I’ve seen on Facebook and Twitter those amusing things where you list what you wish you could tell yourself 20 years ago, i.e., sharing the benefit of experience with a less experienced YOU.
Looking at the evolution of third party risk management, I really wish I could scream “LOOK OUT” to myself circa 1996. What would I share with myself?
Here are 10 pieces of advice...
- Good third party risk management starts with well-formed plans.
- Hire and surround yourself with people far smarter than myself.
- Document, document, document. If it isn’t written, it didn’t happen.
- Study the news and look for early warning signs.
- Follow, connect, cajole and learn best demonstrated practices.
- Pull the thread - is something that doesn’t look right just an anomaly or will it cause the whole design to fall apart?

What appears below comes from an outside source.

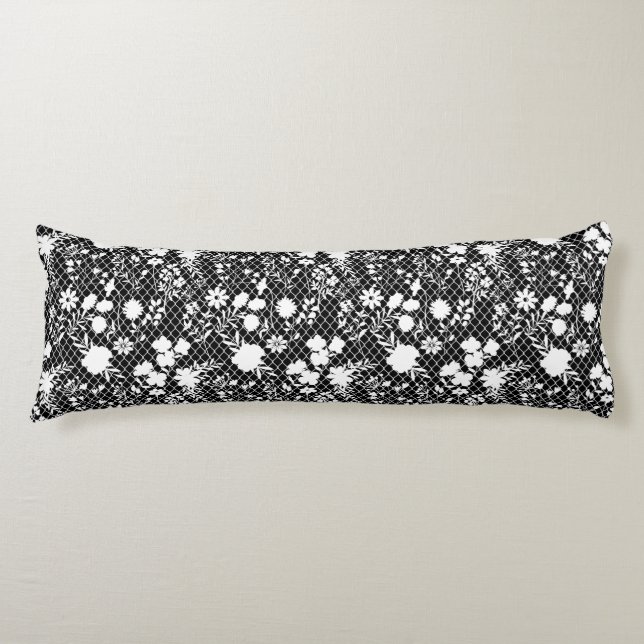 Coussins Longs Fleurs sur net 01.bx4 Black BG (Devant)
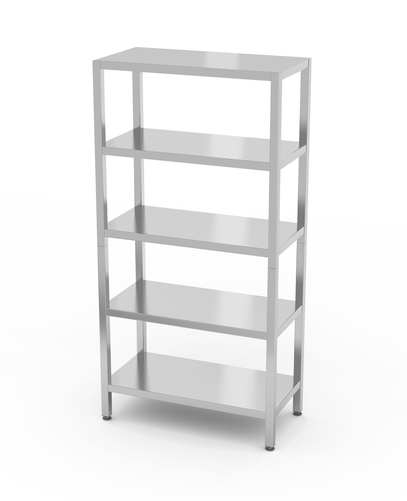 Regał skręcany z półkami pełnymi ze stali nierdzewnej, 900x450x1800 mm | HENDI, 813041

- The regulatory expectations are going to get REALLY intense and the enforcement actions are going to get really expensive… be ready.
- Forget fishing trips; start worrying about phishing - they sound the same and both smell like rotten fish a few days later.
- You’ll never believe what the regulators are going to ask and expect us to do in just a few years.
- Hang on, it’s going to be a wild ride.
Maybe you can relate. What’s important now is making sure that you take care of these above points now. And, I’m sure this could even be considered advice for these coming years.
Off to see what Doc Brown and Marty McFly are up to nowadays (for those of you old enough to remember "Back to the Future").